In it he records, with a dazzling display not just of his hallmark aphoristic, witty and penetrating style, but, more importantly, the incredible range of his reading over a long, productive life of cultural commentary.After exhausting the haircut topic, James goes on to point how that Burton had a really big head, then speculates how big his hats must’ve been. Said wrote after the attack on the World Trade Center, Western humanism is not enough: we need a universal humanism.

The most obvious sign is when he over and over says something like “the student would do well”, as if we his readers are “students” fawning at the feet of he the master teacher. There is a moment in the Bond film You Only Live Twice where Moneypenny throws Sean Connery a teach-yourself-Japanese book before he leaves for a mission in Tokyo. As for the stuff on Fuentes, I presume James deliberately changed Keat’s quote about poets being legislators from “unacknowledged” to “acknowledged” but the fact that Llosa ran unsuccessfully for President of Peru rather diminishes the effect here since he too, as a failed candidate, must remain in the ranks of the unacknowledged.

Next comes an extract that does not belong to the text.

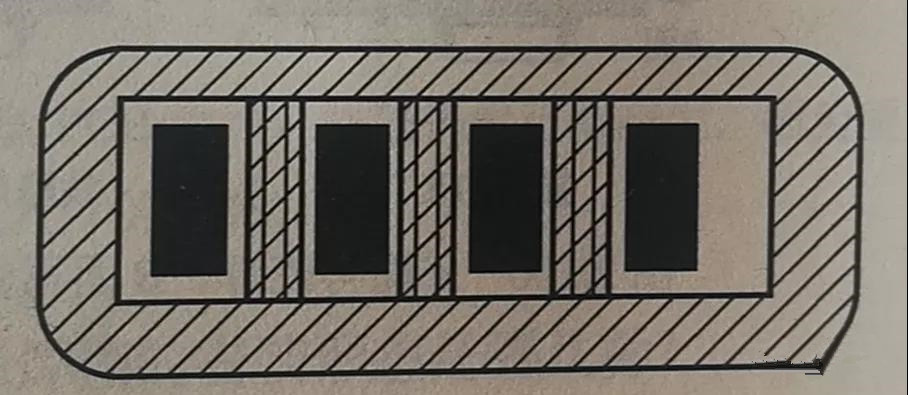 在兩個(gè)焊盤之間有導(dǎo)線通過時(shí)，應(yīng)采取PCB阻焊設(shè)計(jì)，以防止焊接短路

Each time this scene is set, he then tells the reader that he really should learn the language of the original work.When the doomed Russian poet Osip Mandelstam said that he was nostalgic for a world culture, he didn’t mean that it would be a world culture if everyone could live in Switzerland. Following his connections and seeing how his mind works is part of the fun of reading this collection. I moved from Louis Armstrong to Raymond Aron, from Albert Camus to Dick Cavett, from Coco Chanel to Charlie Chaplin.